Ia meninggal pada 7 September 2004. Walau kasus pembunuhannya masih menyisakan misteri, namun tidak untuk ingatan tentang bagaimana sosok lelaki berkumis nan sederhana itu dibunuh.

Direktur Lembaga Bantuan Hukum (LBH) Jakarta Arif Maulana mengatakan, masih ada harapan untuk menuntaskan kasus pembunuhan Munir melalui jalur pidana.

"Kita masih punya waktu, kita masih punya harapan kepada Presiden RI untuk menuntaskan kasus Munir ini melalui jalur pidana," kata Arif dalam konferensi pers bertajuk "17 Tahun Kematian Munir Said Thalib" yang diselenggarakan oleh Komite Aksi Solidaritas untuk Munir (KASUM) dan disiarkan secara langsung di kanal YouTube Jakartanicus, Selasa (7/9/2021).

Tersisa durasi selama satu tahun bagi para penegak hukum untuk menuntaskan kasus pembunuhan aktivis HAM Munir Said Thalib, sebelum kasus tersebut kedaluwarsa sesuai dengan yang telah diatur dalam Pasal 78 Kitab Undang-Undang Hukum Pidana (KUHP).

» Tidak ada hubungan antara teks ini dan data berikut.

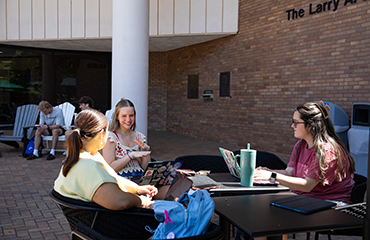 students outside library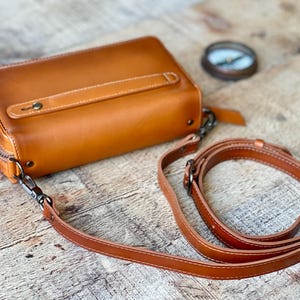 May include: A rectangular tan leather bag featuring a top handle with a metal rivet, a detachable shoulder strap with metal clasps, and a dark zipper closure. A small circular compass is positioned near the bag on the surface.
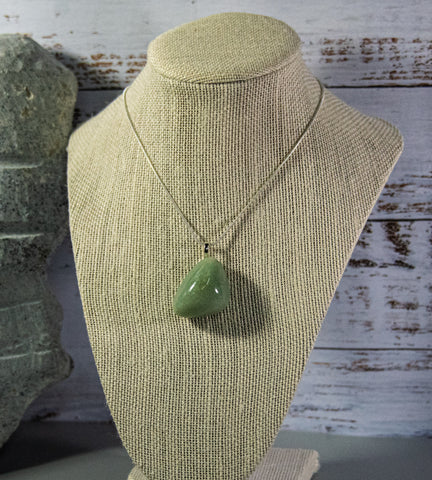 Finished and shaped light green Fluorite necklace, with subtle green and white accents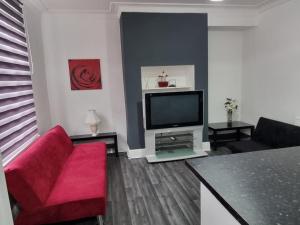 a living room with a red couch and a flat screen tv at Be our Guest! Stylish-Free parking-Central location in Headingley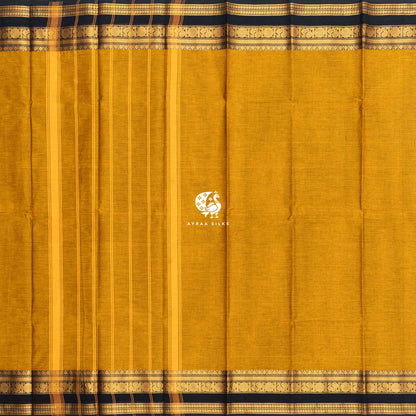 Mustard Kanchi cotton saree laid flat, pallu with stripes and the black and gold zari peacock border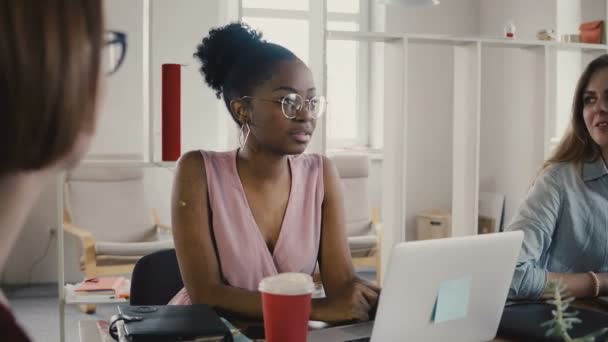 Empregada afro-americana feliz sentada à mesa na reunião de equipe. Trabalho em equipe multiétnica no escritório moderno 4K . — Vídeo de Stock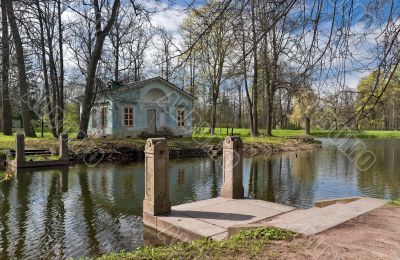 Spring landscape with an old building and the pier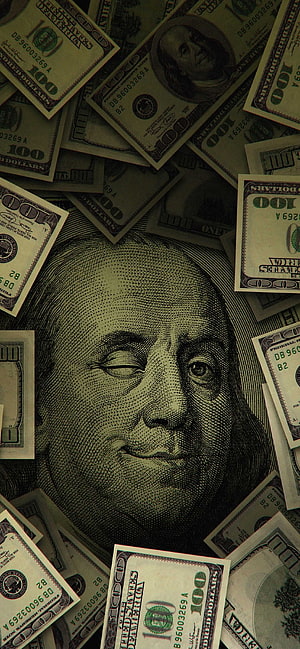 Close-up of Benjamin Franklin's face on a hundred dollar bill surrounded by scattered US currency HD phone wallpaper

Jika mengacu aturan tersebut, kasus pembunuhan Munir yang telah terjadi 17 tahun lalu, hanya memiliki sisa waktu satu tahun lagi untuk segera dituntaskan.

"Meski harapan kecil, tentu kita tidak boleh menutup itu," ucapnya.

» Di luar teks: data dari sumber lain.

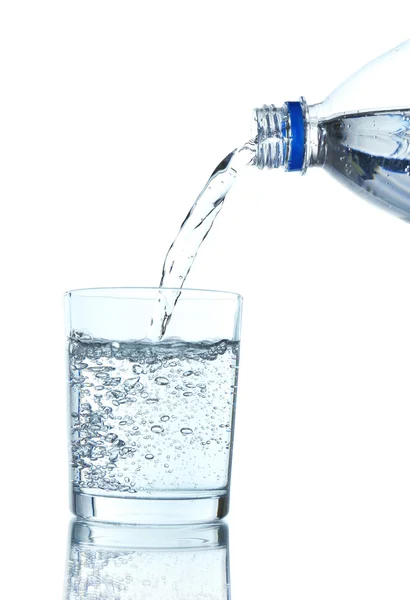 Вылейте воду из бутылки в стекло, на светло-голубом фоне — стоковое фото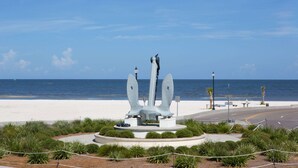 A sculpture of an anchor on a circular platform surrounded by greenery, overlooking a beach and the ocean. - Days Inn by Wyndham Gulfport (Gulfport)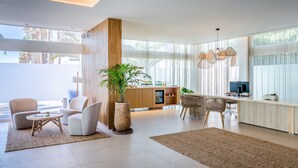 Un salon moderne avec un mur d’accent en bois, un coin repas et une cuisine dotée d’une grande fenêtre.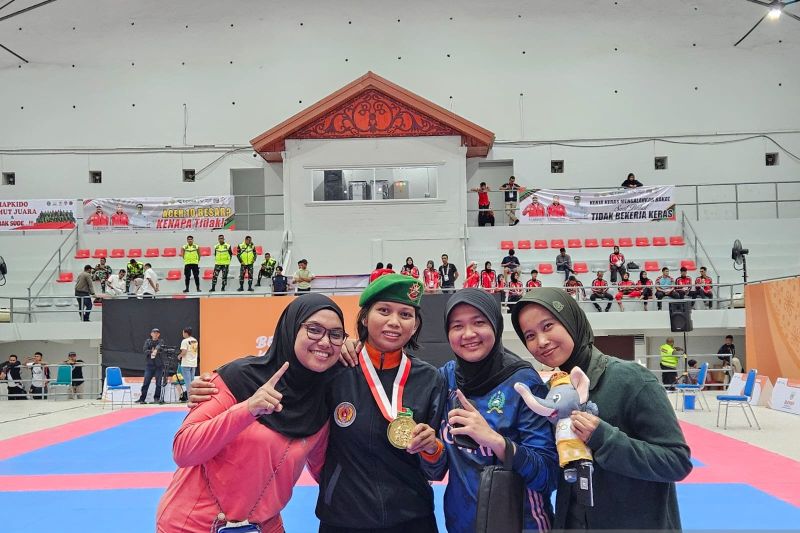 Atlet hapkido Sulawesi Barat Devi Safitri (kedua dari kiri) berpose bersama teman-temannya setelah memenangi medali emas nomor kelas 59-63 kilogram putri Pekan Olahraga Nasional (PON) XXI Aceh-Sumatera Utara 2024 di GOR KONI, Banda Aceh, Selasa (10/9/2024). (ANTARA/RAUF ADIPATI)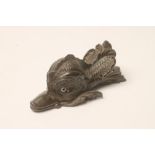 A BRONZE CLIP, 19th century, cast as a stylised dolphin with glass eyes, the foliate back plate with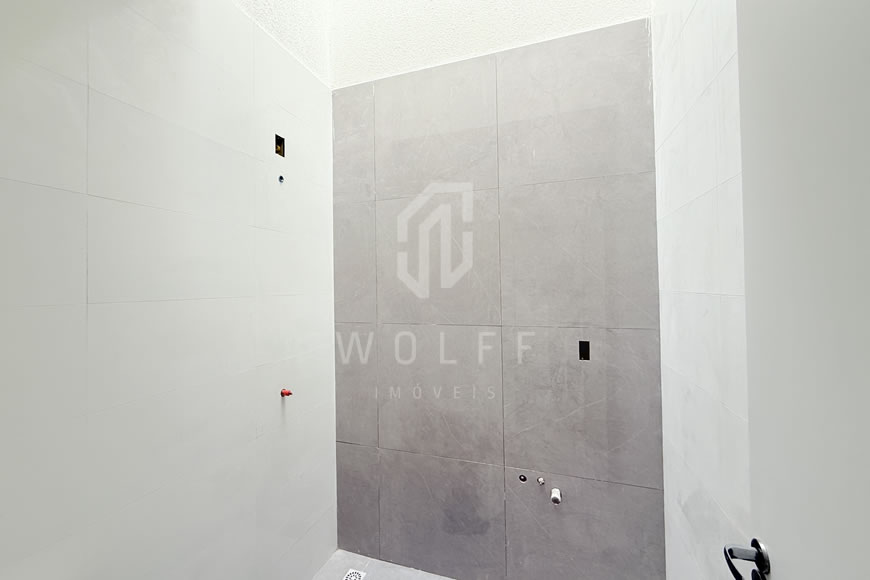 JD1622 - Casa Geminada com Ótima Localização em Rua Pavimentada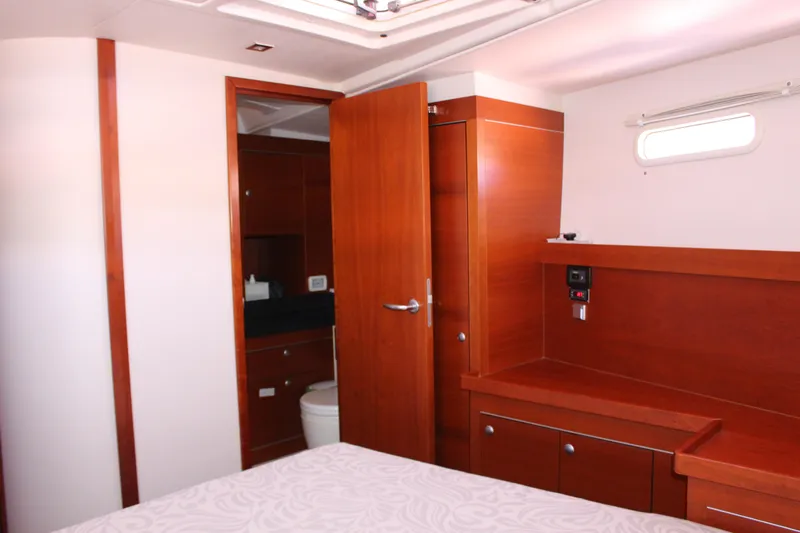  Yacht Photos Pics Interior of 2010 Hanse 545 yacht cabin with wooden furnishings and ensuite bathroom.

Ia berharap agar pemerintah dapat mendesak Polri dan Kejaksaan Agung untuk mempercepat proses penuntasan kasus pembunuhan Munir dan menuntaskannya.

Tujuannya tak lain untuk mewujudkan keadilan dan komitmen pemerintah terhadap HAM melalui tindakan yang konkrit, terutama untuk keluarga dan kerabat terdekat Munir.

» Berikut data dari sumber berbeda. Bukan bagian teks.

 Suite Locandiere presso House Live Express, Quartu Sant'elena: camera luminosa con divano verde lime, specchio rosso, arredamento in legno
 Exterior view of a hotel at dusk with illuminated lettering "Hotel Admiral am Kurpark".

"Pemerintah harus mendukung penuntasan kasus ini dan menunjukkan komitmennya," tuturnya

Penuntasan kasus pembunuhan Munir, Arif melanjutkan, tidak boleh berhenti begitu saja, apalagi sampai memberikan pembebasan dari tuntutan kepada pelaku (impunitas) akibat kasus yang kedaluwarsa.

Arif menekankan bahwa kasus ini harus diselesaikan oleh negara secara independen dan adil.

"Kita berharap, ke depannya, praktik-praktik semacam ini tidak pernah dilakukan kembali," ujar Arif berharap.

Munir dan motor bututnya

Dalam semua kesibukannya membela atau mengadvokasi orang-orang yang tertindas, Munir ke mana-mana menunggangi motor Honda Astrea.

Motornya itu sederhana. Begitu juga helmnya, yakni helm full face merah marun, helm khas Astrea pada masa 1990-an.

Suatu kali Munir pergi ke hotel menunggangi motornya. Bukannya disambut ramah, Munir malah digertak petugas keamanan.

Kok bisa? Alasannya, Munir dianggap nyelonong masuk pelataran hotel berbintang sambil mengendarai sepeda motor.

"Turun! Copot itu helm!" kata mantan Kepala Pusat Penelitian Politik Lembaga Ilmu Pengetahuan Indonesia, Ikrar Nusa Bakti.

Ikrar menirukan ucapan Munir waktu ditegur satpam. "Motor dilarang masuk ke sini. Kamu tahu aturan tidak?" begitu hardik si petugas keamanan.

Ditegur begitu, Munir sontak tersinggung. "Kamu tahu tidak, saya ini tamu, menginap di sini. Ini kunci kamarnya," kata Munir.

Kepada Ikrar, Munir mengaku marah saat itu. "Saya naik pitam," ujar Ikrar mengulangi pernyataan Munir.

Sungguh kisah ini unik. Cerita itu memperlihatkan bagaimana orang-orang memang masih sering menilai dari penampilan luar.

Dari kisah ini bisa kita tarik kesimpulan, walau Astrea milik Munir terlihat butut, tapi kendaraan itu diandalkannya, karena ia mau hidup sederhana saja.

Kata teman Munir di Himpunan Mahasiswa Islam, Husein Anis, barulah suami Suciwati itu membeli mobil, sebelum ia meninggal, diracun di pesawat.

"Setahu saya, selama ini Munir selalu naik sepeda motor dari rumahnya di Bekasi atau Jatinegara," ujar Husein.

Cerita soal Munir dan sepeda motor Honda Astrea-nya ini dituturkan Ikrar dan Husein, dalam film dokumenter tentang Munir berjudul Kiri Hijau Kanan Merah. Diproduksi Watchdoc dan KASUM, film menarik ini disutradarai Dandhy Dwi Laksono.

Untuk diketahui, Munir tewas diracun ketika menumpang pesawat Garuda Indonesia pada 7 September 2004.

Kala itu, usia Munir 38 tahun dan menjabat sebagai Direktur Eksekutif Lembaga Pemantau Hak Asasi Manusia Indonesia, Imparsial.